Tuesday, May 1, 2012

Dream Sequence

Last night I had a dream. I don't usually remember my dreams, but this one I did. It went something like this:

[Setting: I was in a house organizing a knickknack drawer. I was very pleased to see two staplers and four rolls of Scotch tape in the drawer. As I was organizing, Barack Obama walks in with a set of tools and two window screens (no secret service). He begins installing a screen in one of the windows.]

ME: What are you doing?

BO: Installing energy-saving uv-protecting window screens which will lower your electrical bill saving you money.

ME: But I don't want to pay for them. I don't think the benefits outweigh the costs.

BO: Don't worry -- I'm paying for them.

ME: Okay. If it makes you happy...

[Barack begins installing the second screen.]

BO: You don't understand -- if enough people have them, others will see how much money they save and will buy them themselves without me paying for them. It's like Microsoft Windows, only green -- a tipping point will be reached.

ME: But there's an important difference: Users will not adopt some software unless enough other people use it because their utility depends on the number of other people using the software. Microsoft Windows has maintained so much market share not because alternatives are expensive, but because of network effects: it reached a tipping point, gained market share, and won't lose it because not enough people use the alternative. Window screens are not like that.

BO: Oh, I did not realize that.

[Barack thinks, then gathers his tools and leaves. I think that it's a little disappointing how much light the new screens seem to be blocking. Then I wake up.] 

Dreams are supposed to be crazy mash-ups of reality and things one is thinking about at the time you go to sleep ("what's on your mind"), but when light bulb bans* are reality, misplaced charity based on a mistaken parallel between types of windows seems positively sane.

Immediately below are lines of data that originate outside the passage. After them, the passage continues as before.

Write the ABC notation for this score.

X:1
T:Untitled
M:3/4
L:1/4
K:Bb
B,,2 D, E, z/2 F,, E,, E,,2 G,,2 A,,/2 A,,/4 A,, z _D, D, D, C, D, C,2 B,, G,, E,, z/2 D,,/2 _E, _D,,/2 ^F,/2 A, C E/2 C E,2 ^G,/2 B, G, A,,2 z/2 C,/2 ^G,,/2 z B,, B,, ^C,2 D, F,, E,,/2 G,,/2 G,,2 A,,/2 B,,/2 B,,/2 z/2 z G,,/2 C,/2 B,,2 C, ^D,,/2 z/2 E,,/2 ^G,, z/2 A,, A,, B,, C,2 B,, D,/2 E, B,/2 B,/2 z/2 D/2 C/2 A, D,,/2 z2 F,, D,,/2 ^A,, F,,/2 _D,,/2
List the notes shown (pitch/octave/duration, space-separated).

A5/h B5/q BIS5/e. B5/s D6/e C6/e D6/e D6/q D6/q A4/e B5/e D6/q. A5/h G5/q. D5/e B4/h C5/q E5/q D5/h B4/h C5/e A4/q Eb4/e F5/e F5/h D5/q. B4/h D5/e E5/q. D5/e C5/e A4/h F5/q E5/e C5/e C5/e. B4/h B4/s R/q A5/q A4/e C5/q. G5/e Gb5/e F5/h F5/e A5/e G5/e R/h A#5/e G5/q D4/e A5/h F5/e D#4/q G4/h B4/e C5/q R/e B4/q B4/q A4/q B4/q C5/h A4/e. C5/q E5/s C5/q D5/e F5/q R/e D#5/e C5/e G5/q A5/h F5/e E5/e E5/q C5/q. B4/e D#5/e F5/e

* Evidently, the effective ban on traditional incandescent 100-watt bulbs is currently in place, but the enforcement of the law was de-funded by Congress at the last minute last year. I say effective ban because, as the NYT so gently put it last year, the law "simply requires that companies make some of their incandescent bulbs work a bit better, meeting a series of rolling deadlines between 2012 and 2014." That is, the law did not single out a certain product, but was phrased so that only the 100-watt incandescent qualifies. (The "work a little bit better" is referring to those more expensive (but cheaper than CFLs) blue incandescent bulbs you may see in the store that are 100-watt equivalents, but are not standard bulbs). Incidentally, by 2014, some lower wattage incandescent bulbs won't be legal, either.